- AIM OF THE TASK -
The full listing, excluding its pictures, should be printed exactly as it stands.

- THE DATA -
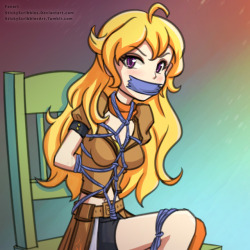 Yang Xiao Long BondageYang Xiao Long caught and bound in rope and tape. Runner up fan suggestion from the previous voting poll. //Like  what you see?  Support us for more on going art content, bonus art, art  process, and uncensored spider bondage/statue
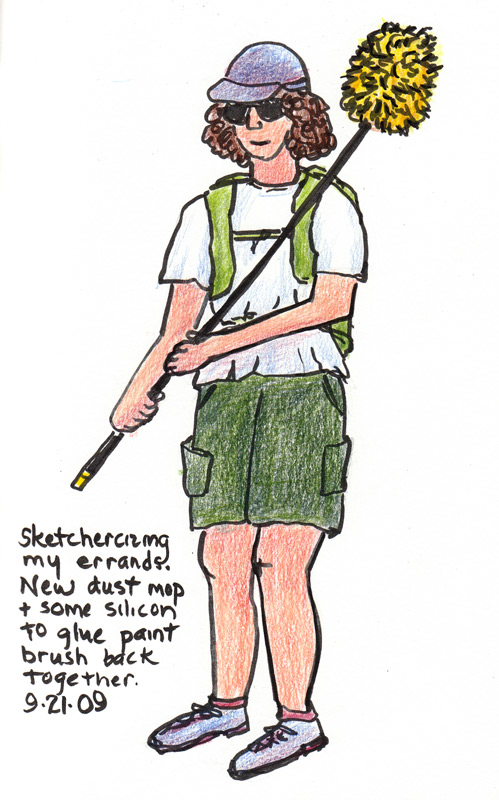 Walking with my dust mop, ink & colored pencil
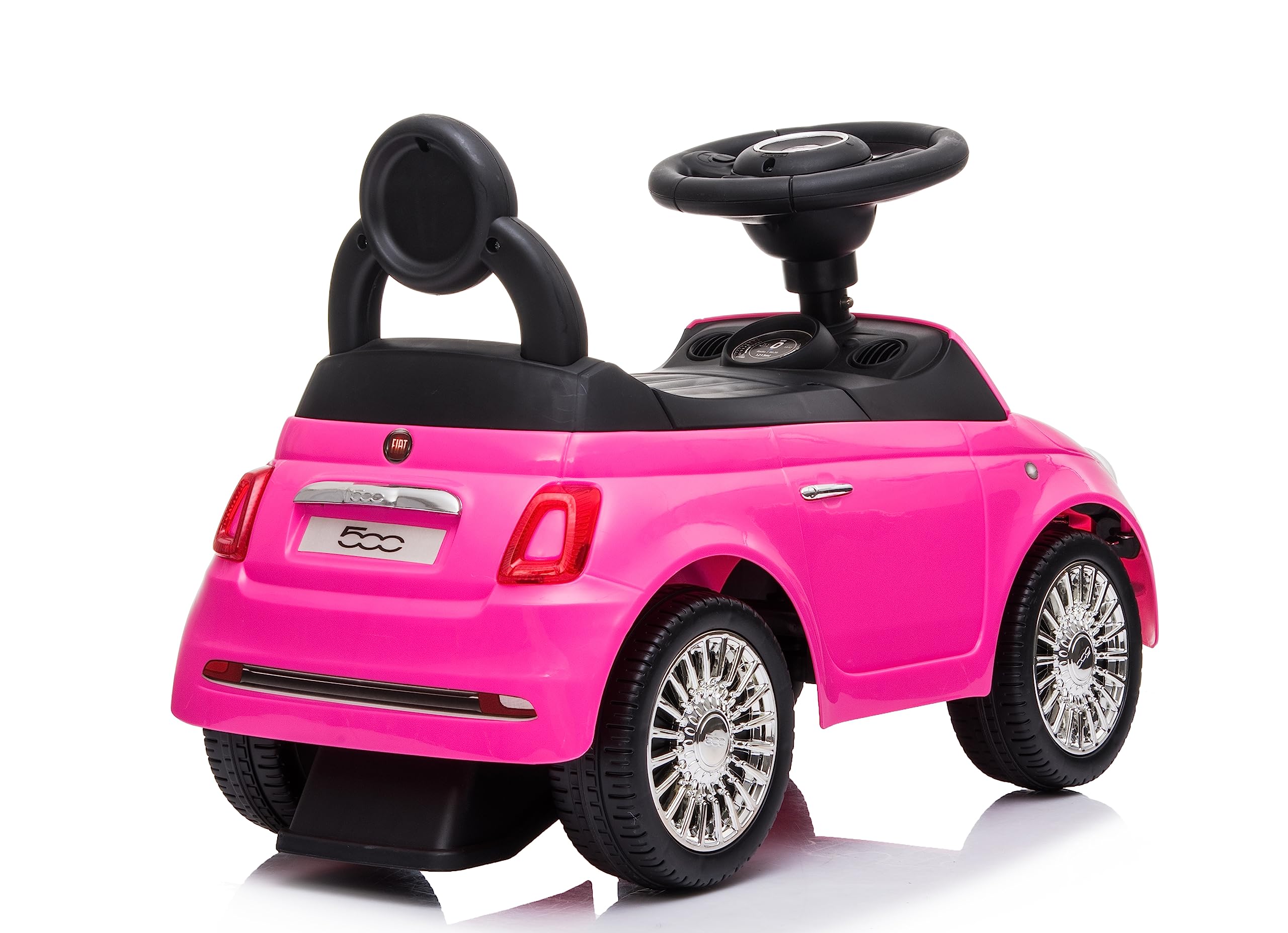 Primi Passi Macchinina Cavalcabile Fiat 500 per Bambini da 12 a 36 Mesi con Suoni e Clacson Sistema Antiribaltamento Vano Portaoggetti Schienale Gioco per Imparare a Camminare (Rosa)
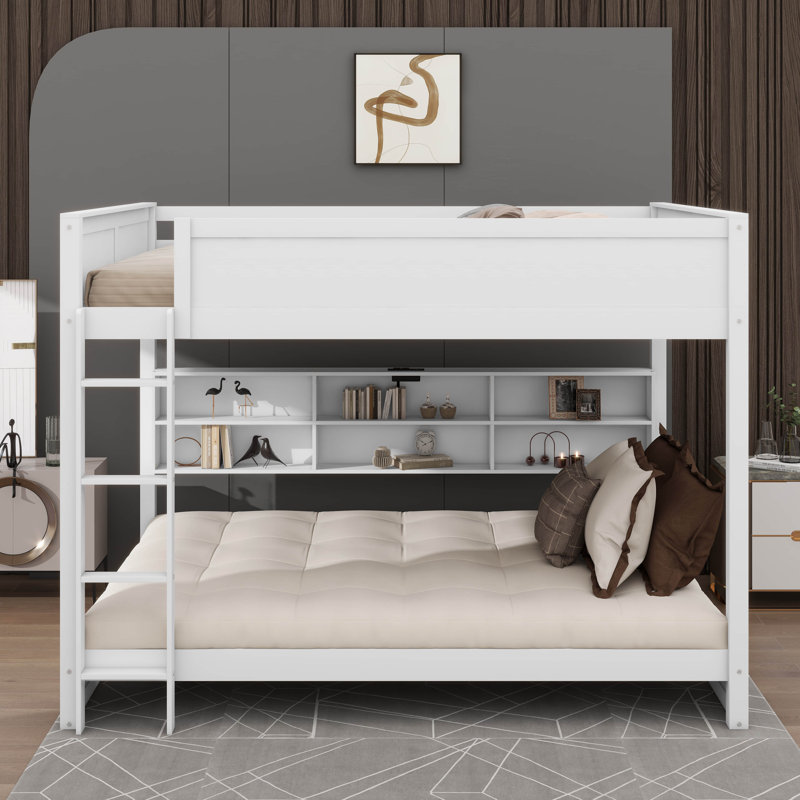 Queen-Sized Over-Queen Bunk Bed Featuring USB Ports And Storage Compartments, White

- RESULT OF THIS EXERCISE -
 Yang Xiao Long BondageYang Xiao Long caught and bound in rope and tape. Runner up fan suggestion from the previous voting poll. //Like  what you see?  Support us for more on going art content, bonus art, art  process, and uncensored spider bondage/statue
 Walking with my dust mop, ink & colored pencil
 Primi Passi Macchinina Cavalcabile Fiat 500 per Bambini da 12 a 36 Mesi con Suoni e Clacson Sistema Antiribaltamento Vano Portaoggetti Schienale Gioco per Imparare a Camminare (Rosa)
 Queen-Sized Over-Queen Bunk Bed Featuring USB Ports And Storage Compartments, White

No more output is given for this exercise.